An Educator’s Guide to Climate Science & Colonialism
Date and Time: February 27, Friday, 12:30 PM UTC.
Registration Link: https://zoom.us/meeting/register/p6-ScD8KQV-zqcXzJA5cPQ
Highlights
The session began with Prof. Vandana Singh who opened the event and introduced Dr Anna Sorenson, who set the stage by explaining how My Climate Risk operates through community‑driven hubs—most based in the Global South—and working groups committed to bottom‑up climate knowledge.

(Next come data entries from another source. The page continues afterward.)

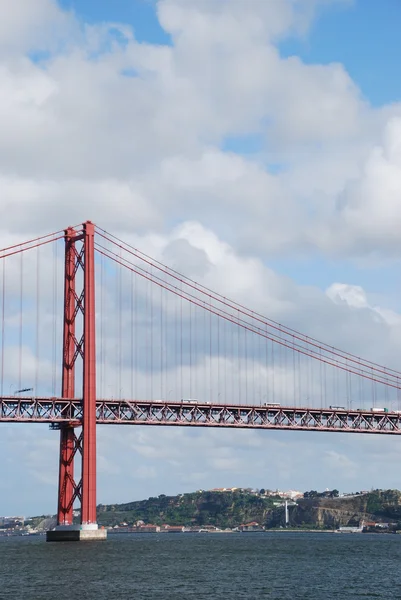Most 25 kwietnia w Lizbonie, Portugalia — Zdjęcie stockowe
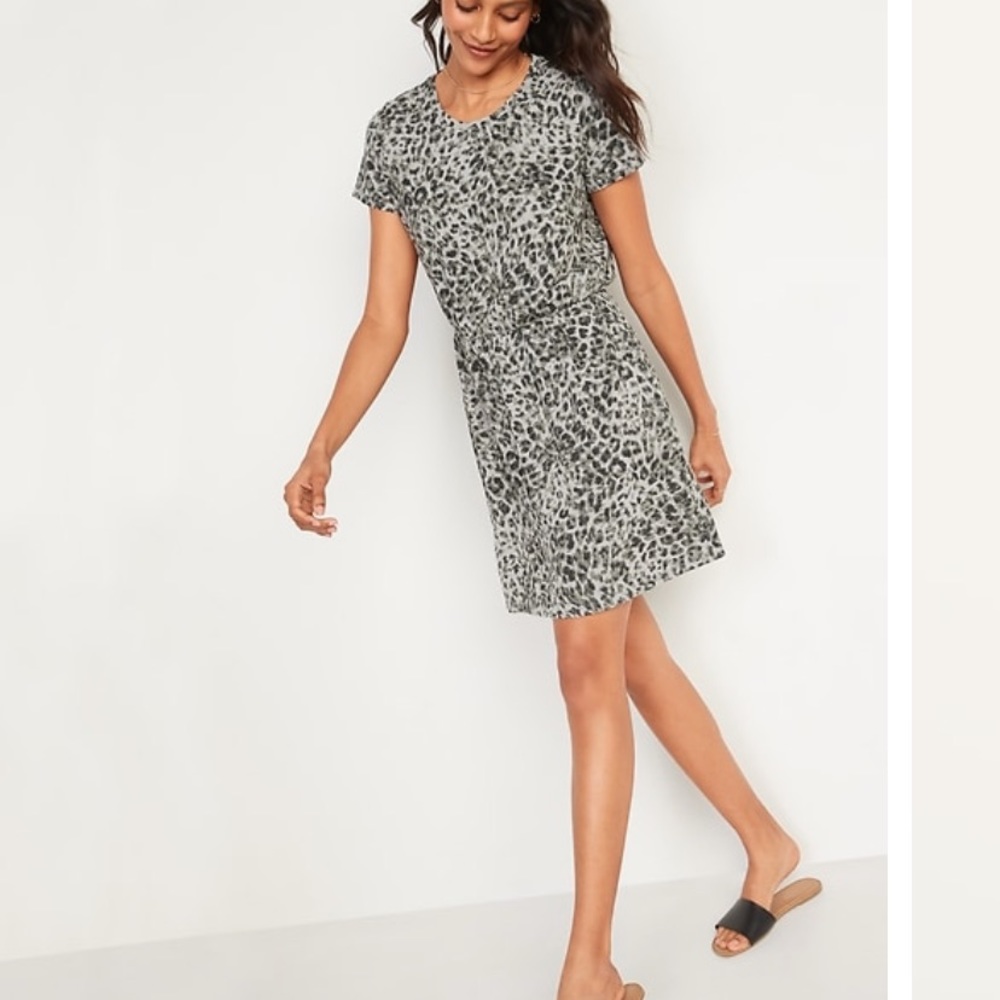 BLACK & WHITE LEOPARD PRINT SHIRT DRESS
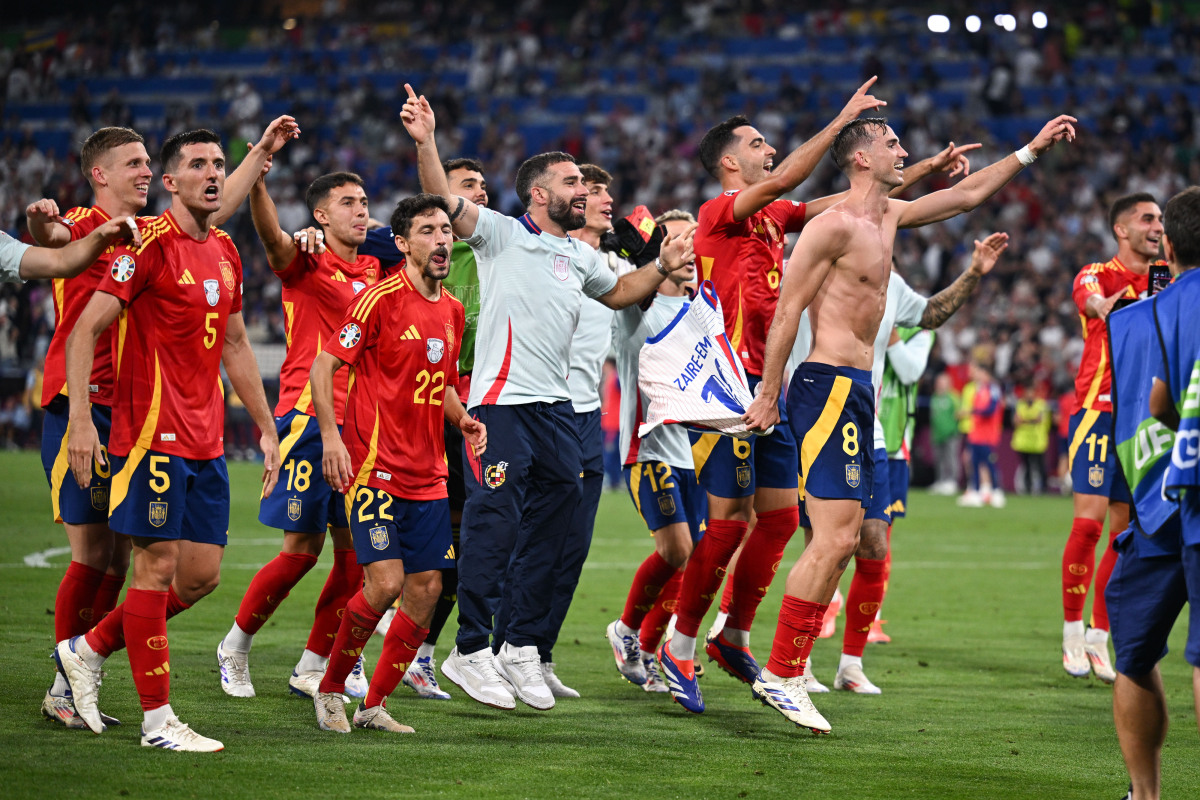 葡萄牙队横扫法国队，奥恰洛夫惊艳四座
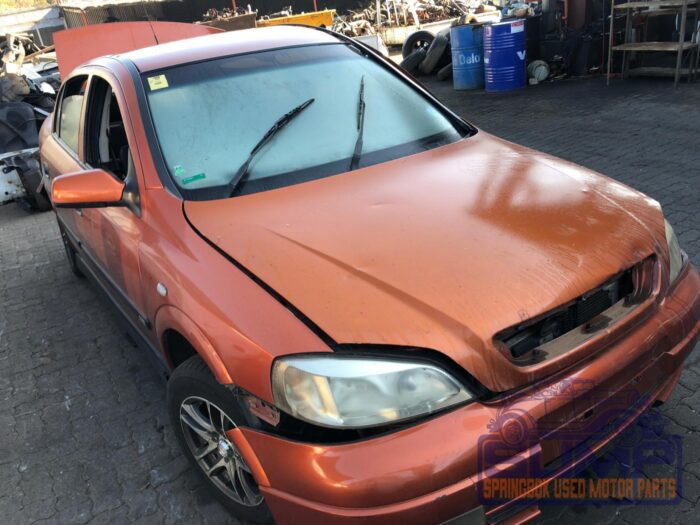 OPEL , ASTRA CLASSIC 1 . 6 CDE A / C , ORANGE , 2000 ( 29965 ) - Image 2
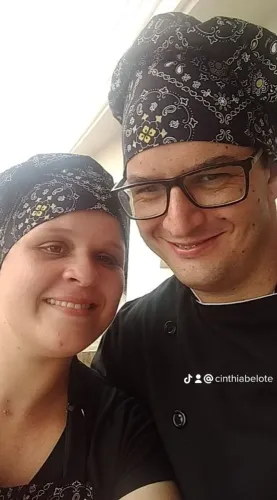Churrasqueiro , pizzaiolo e cozinheira 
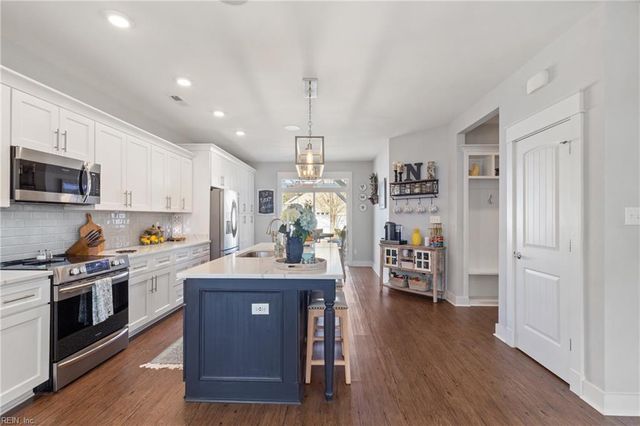 7159 Stokes DR, Hayes, VA 23072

Prof. Singh followed with the story behind the Educator’s Guide to Climate Science and Colonialism. She described how early‑career researchers had voiced concerns in 2023 about feeling unprepared to work ethically with communities and how the subsequent webinar series on climate science and colonialism inspired the creation of this new resource. She touched on the enduring influence of coloniality in science and policy, acknowledging that the guide is an evolving, incomplete but important starting point.

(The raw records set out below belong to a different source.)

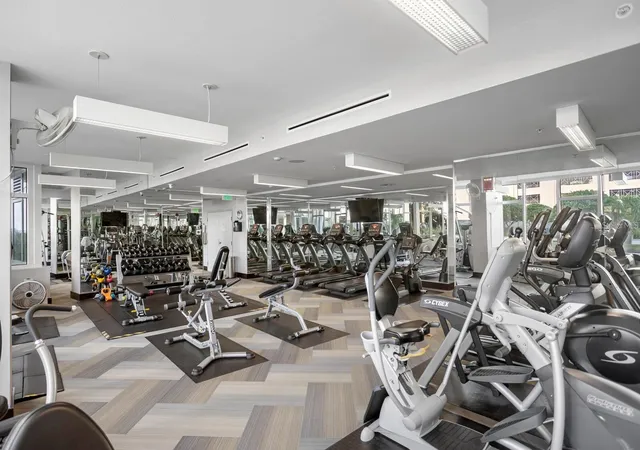 2nd image of 175 1St St S, Saint Petersburg, FL 33701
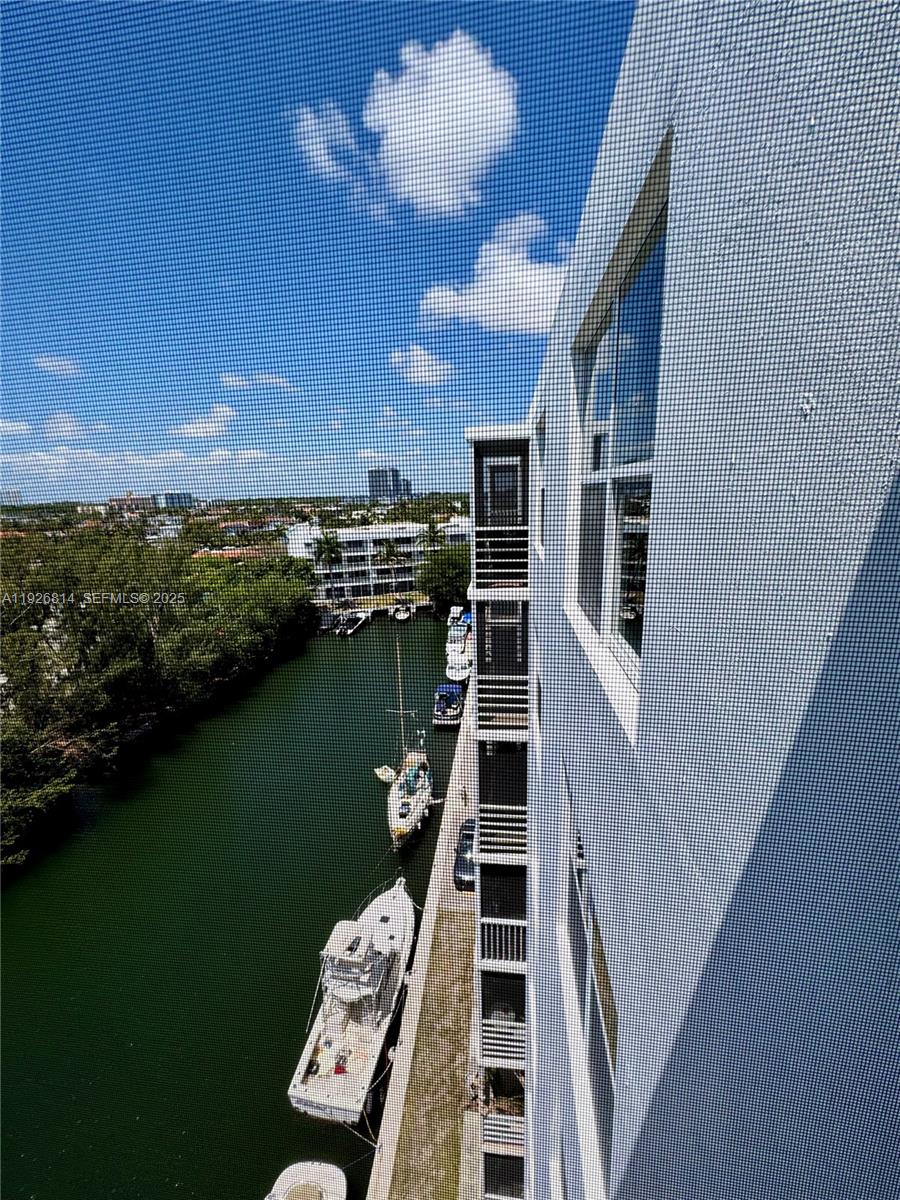 EASTERN SHORES WHITE HOUS - Residential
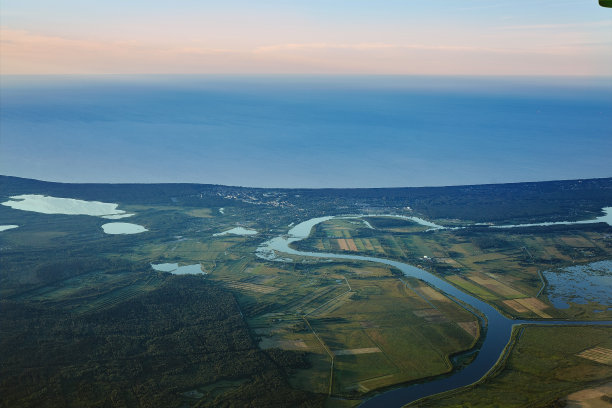 从飞机窗口观看图片下载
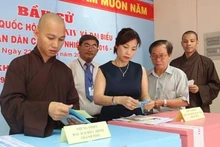 Les électeurs de Hô Chi Minh-Ville glissent leurs bulletins dans l'urne. Photo: NDEL.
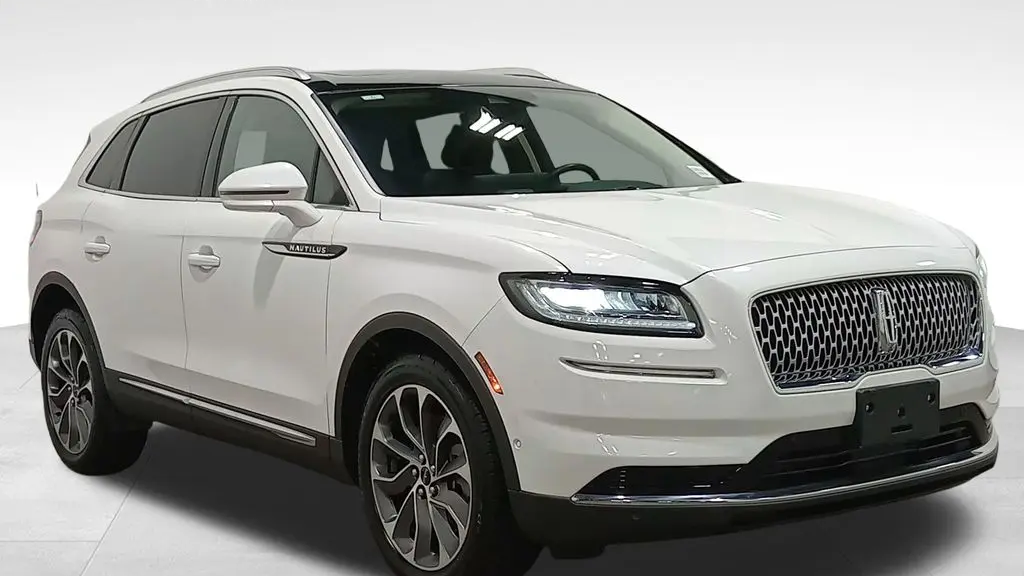 Preowned 2023 Lincoln Nautilus Reserve for Sale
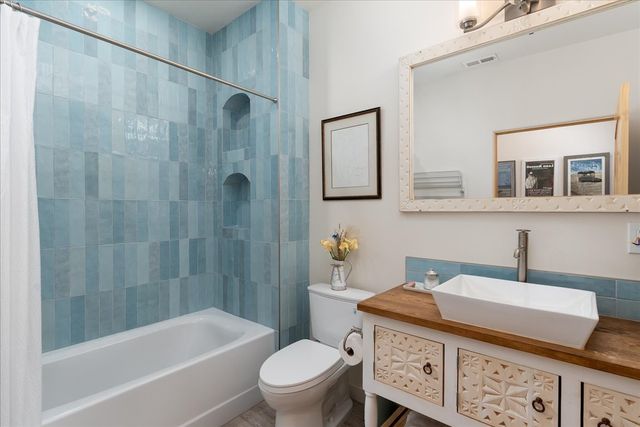 176 Principe De Paz, Santa Fe, NM 87508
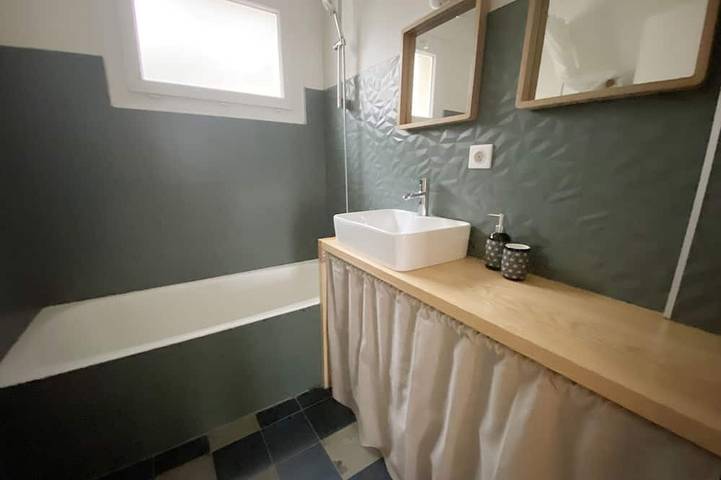 Gîte pour 5 personnes, avec terrasse dans Office De Tourisme De Font Romeu - 3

Dr Chi Huyen (Shachi) Truong from HUC then walked participants through the preparatory unit, which encourages learners to begin with their own cultural and intellectual grounding. Dr Celia Petty from The Pearl followed with an overview of Modules 1 and 2, highlighting how each module combines learning outcomes, video materials, readings, and reflective questions to help students connect historical contexts, Indigenous perspectives, and present‑day climate practice. Dr Truong briefly outlined Modules 3, 4 and 5, which embed the concepts in lived experiences from the Philippines, India, and ocean research—showing how abstract ideas of colonialism play out in real communities.

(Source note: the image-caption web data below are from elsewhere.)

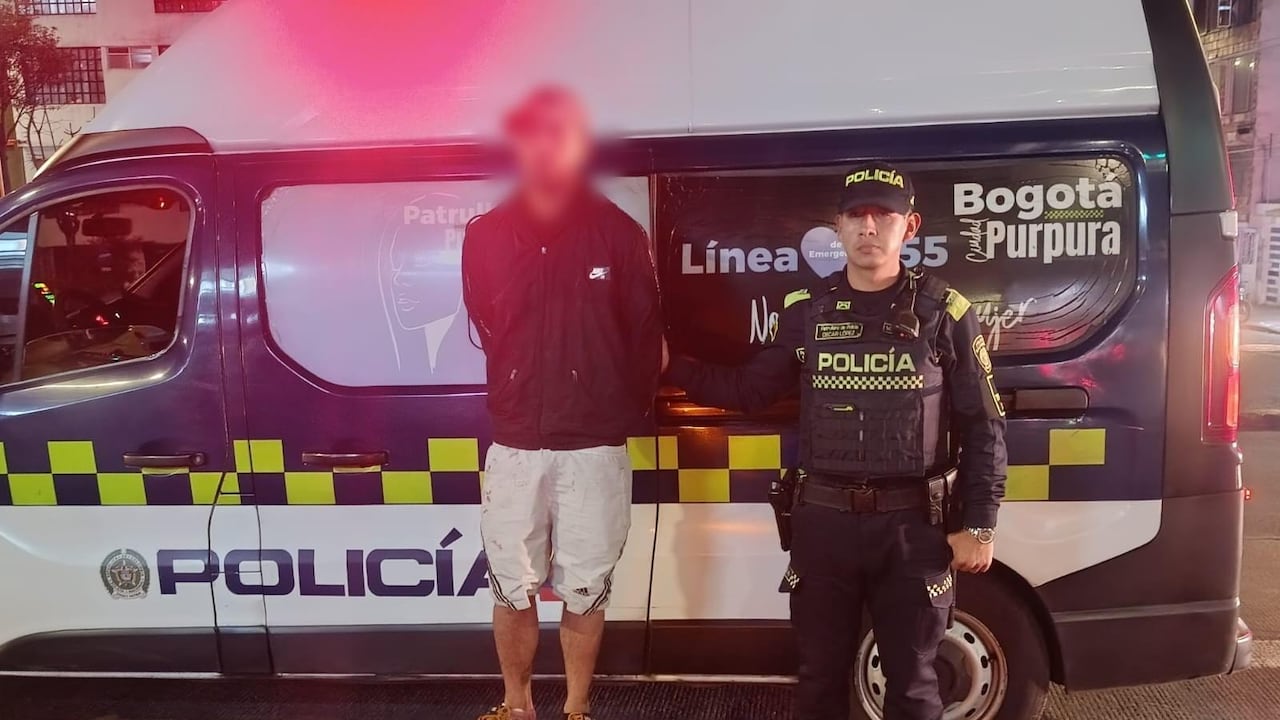 Capturaron a un hombre que intentó robar un celular por la ventana de un TransMilenio.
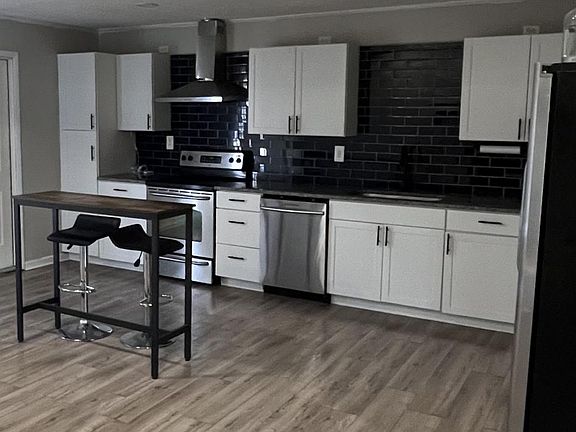 Open floor plan kitchen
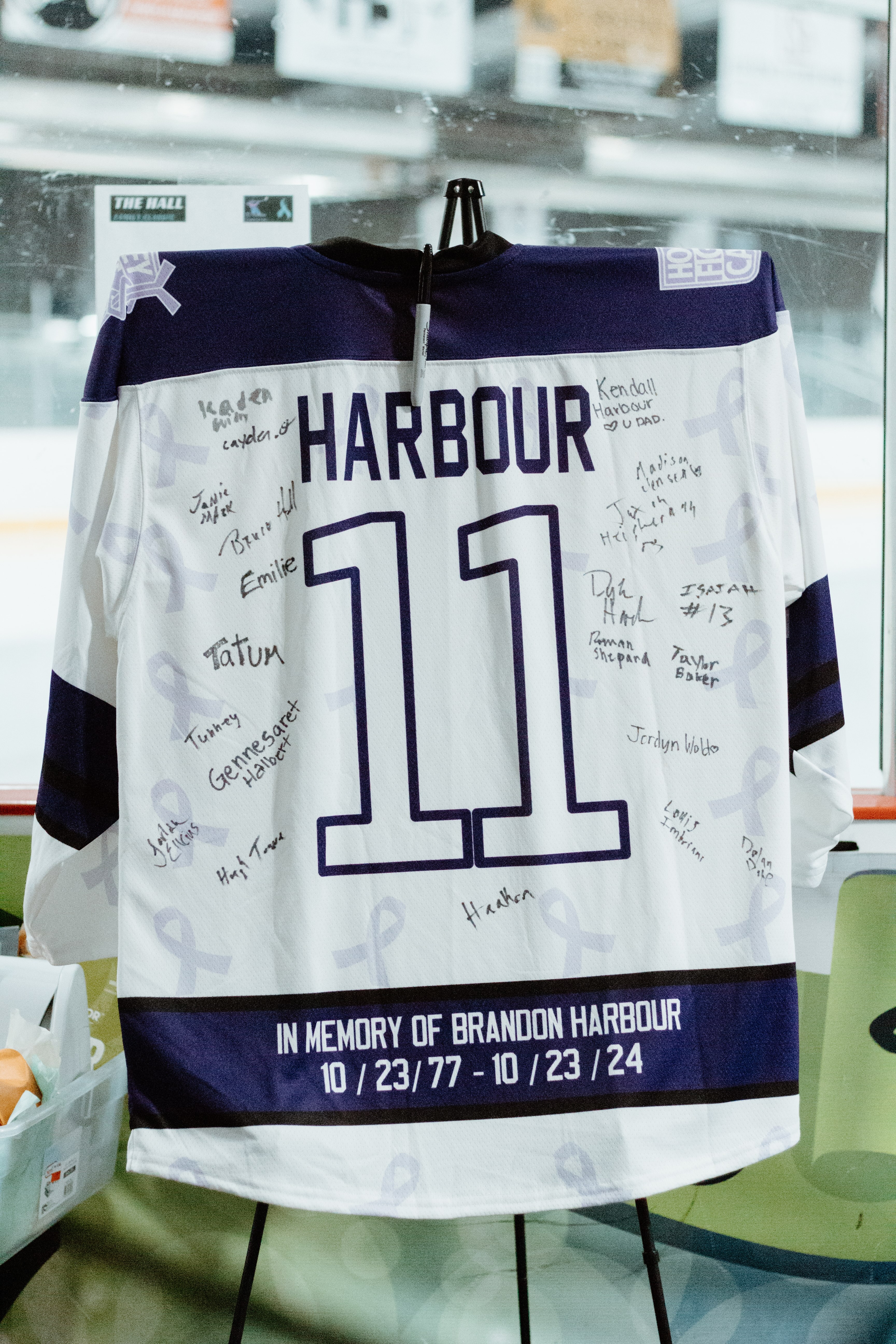 Supporting local hockey teams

Respondents from the Philippines, Nepal, Argentina, Canada, and Belize then offered reflections, many emphasising how rare and valuable it was to see climate science taught through a lens that acknowledges history, power, and local knowledge. Some raised practical suggestions, such as shorter videos or translations, while others spoke about how helpful these resources would have been earlier in their own training.
The session ended with a sense of shared purpose and excitement for what comes next.